Guyger potentially escaping conviction for the death of Jean because of her public service is a sorry-ass excuse, and an attempt to criminalize Jean via what appears to be an inconsequential investigation into his personal life showcases how the Department of Justice is neither fair nor just.

And Jean’s family is not the first black household to be subjected to this level of humiliation and degradation by the DOJ. In May, the family of Gregory Hill, a Florida man who was killed in his own home by police officers, was awarded $4.04. That’s just one of the many examples that informs us how much the black body is really worth to the U.S. court system.

The Department of Justice as we currently know it needs to be dismantled, and right now there is no amendment, band-aid or suture to close the holes of such a racially-biased, raggedy-a** system. Though seemingly irreparable, it is beyond time for the black collective to work together and transform this system, which has never served us.

5. Cops keep killing black people.

Police are often allowed to murder black people with impunity.

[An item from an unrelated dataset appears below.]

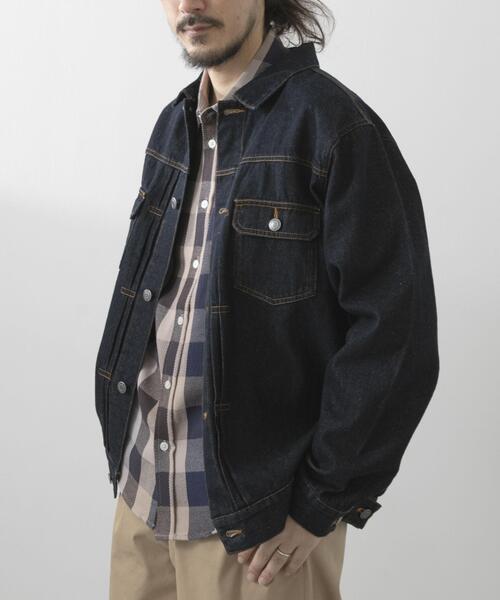 「ITEMS URBANRESEARCH」 デニムジャケット MEDIUM インディゴブルー メンズ_画像8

Guyger shot Jean because he failed to comply with her verbal command, and like most law enforcers who have killed a black person, her odds of getting off scot-free are sorely evident. Researchers from The Washington Post and Bowling Green State University discovered of the thousands of killings that took place at the hands of on-duty police officers between 2005 and 2015, only 54 of those officers were prosecuted. The study also found that "in three-quarters of the reviewed cases, the race of the charged officer was white. Of those, two-thirds shot and killed a black person. In none of the cases did a black officer fatally shoot a white person." Furthermore, a study from the Department of Justice on police behavior in Ferguson, Missouri, revealed its police force not only targeted blacks, but and that “[o]fficers expect and demand compliance even when they lack legal authority.”

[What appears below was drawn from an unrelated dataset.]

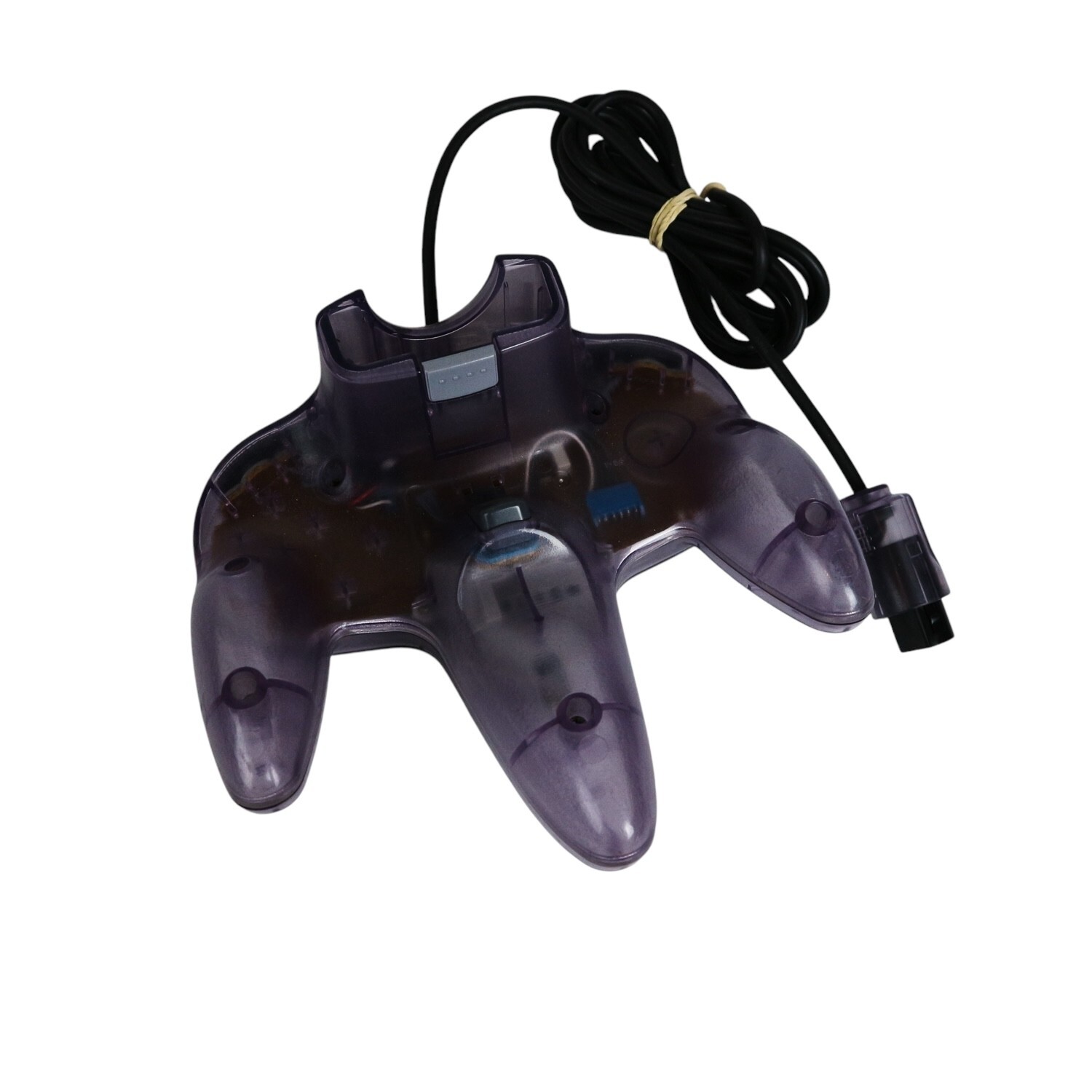Genuine Clear Atomic Purple Nintendo 64 N64 Controller - tested and working - Image 2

Black people are criminalized and policed at a much higher rate than white people, yet only account for about 13% of the overall population. How does that make any sense?

Stop killing black people. Need I say more?

Once upon a time, marijuana was used to criminalize black people. However, it’s now off the table; THC has been miraculously decriminalized by white people, who are now capitalizing off of it. Yet the Dallas Police Department still tried it. In Jean’s case though, there is much more at play than weed and paraphernalia. The only news to be concerned with is:  A humble 26-year-old man was slaughtered his own house by a white female cop for no apparent reason. But sadly, though another unarmed black man was lynched, in 2018, hoping for justice is simply wishful thinking.